About
Designer: Hans J. Wegner(ハンス・ウェグナー)
Manufacturer: Andreas Tuck(アンドレアス・ツック)
Year: 1960
Material: Rosewood / Teak, Steel
Size: 幅 200cm × 奥行き 90cm × 高さ 72cm
Story
ハンス・J・ウェグナーとアンドレアス・ツック社の協業は、1950年代から1960年代にかけてデンマーク・モダニズムの黄金期を築いた重要な関係でした。ウェグナーは熟練したキャビネットメーカーとして培った知識を活かし、素材への深い理解と職人技を融合させ、数々の傑作を生み出しました。その中でAT325デスク/テーブルは、彼のキャリアにおける転換点を示す作品として特別な存在です。
このモデルは、従来の木材主体のデザインから一歩進み、スチールと木材という異なる素材を融合させた点に大きな特徴があります。天板にはローズウッドまたはチークが使用され、豊かな木目と色調が視覚的な温かみをもたらします。一方、脚部にはスチールが採用され、シャープで軽快な印象を与えています。金属と木材のコントラストは、ウェグナーが伝統に留まらず国際的なデザイン潮流を取り入れていたことを物語っています。
AT325は引き出しを備えた実用的なワークデスクでありながら、全方位から美しく見える自立型の造形が採用されている点も特徴です。壁際に置くだけでなく空間の中心に配置できる設計は、家具を機能と美の双方で楽しむというウェグナーの思想を体現しています。引き出しの真鍮製の鍵穴や、脚部のサボ(木部のカバー)など細部の仕上げにもこだわりが見られます。
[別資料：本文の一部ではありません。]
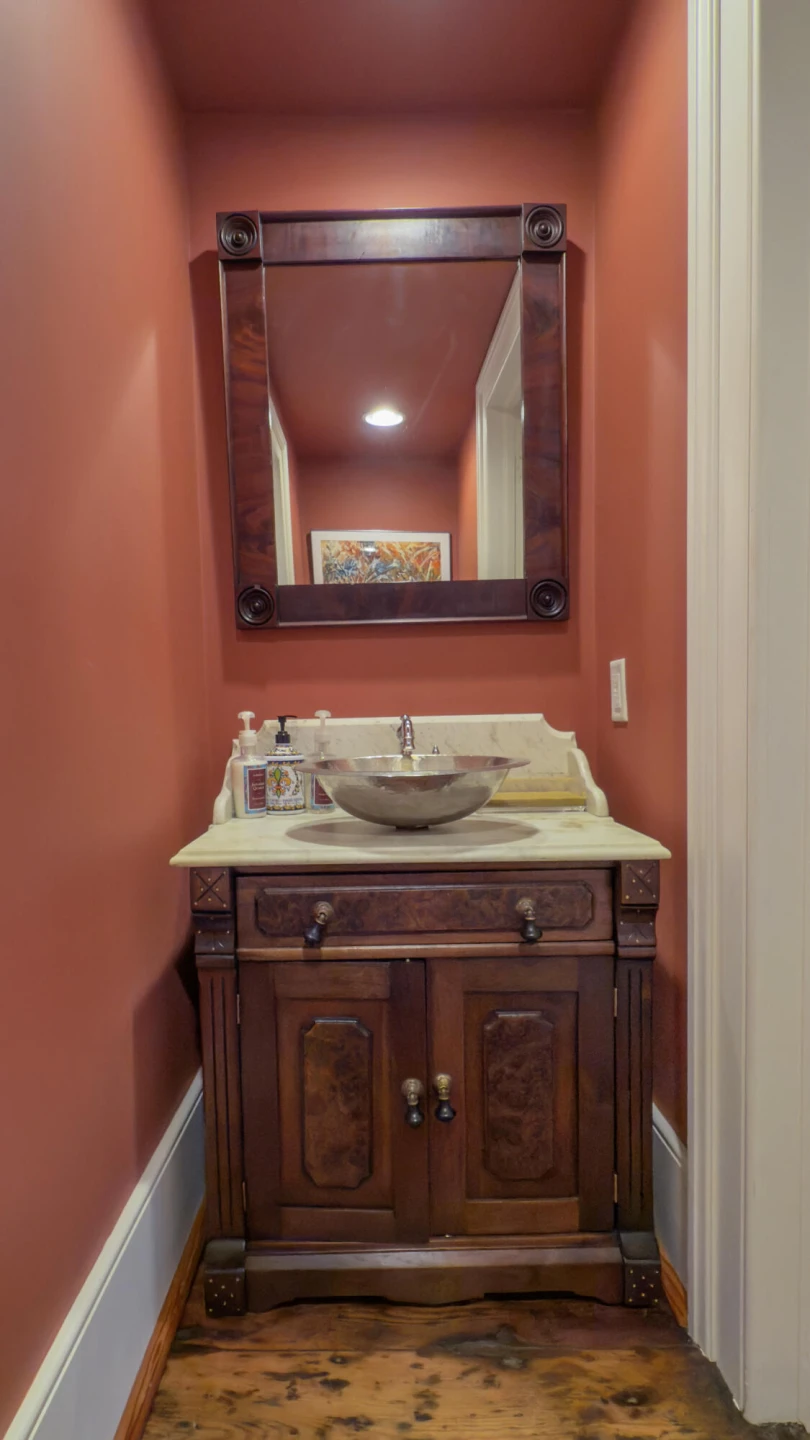 321 S Main St - Photo 19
このデスクは1960年代に製造され、デンマーク・モダニズムが国際的に最も注目を集めた時期と重なります。アンドレアス・ツック社の閉鎖(1972年)により生産が途絶えたため、現存数は極めて限られています。そのため、今日のヴィンテージ市場において非常に高い評価と希少価値を持ち、ローズウッド仕様のモデルは特に収集家の間で垂涎の的となっています。
AT325デスクは、ウェグナーの創作活動における挑戦と進化を象徴する作品であり、デザイン史における重要な位置を占めています。その存在は、単なる執務用家具を超えた、建築的かつ彫刻的な芸術作品としても鑑賞に値します。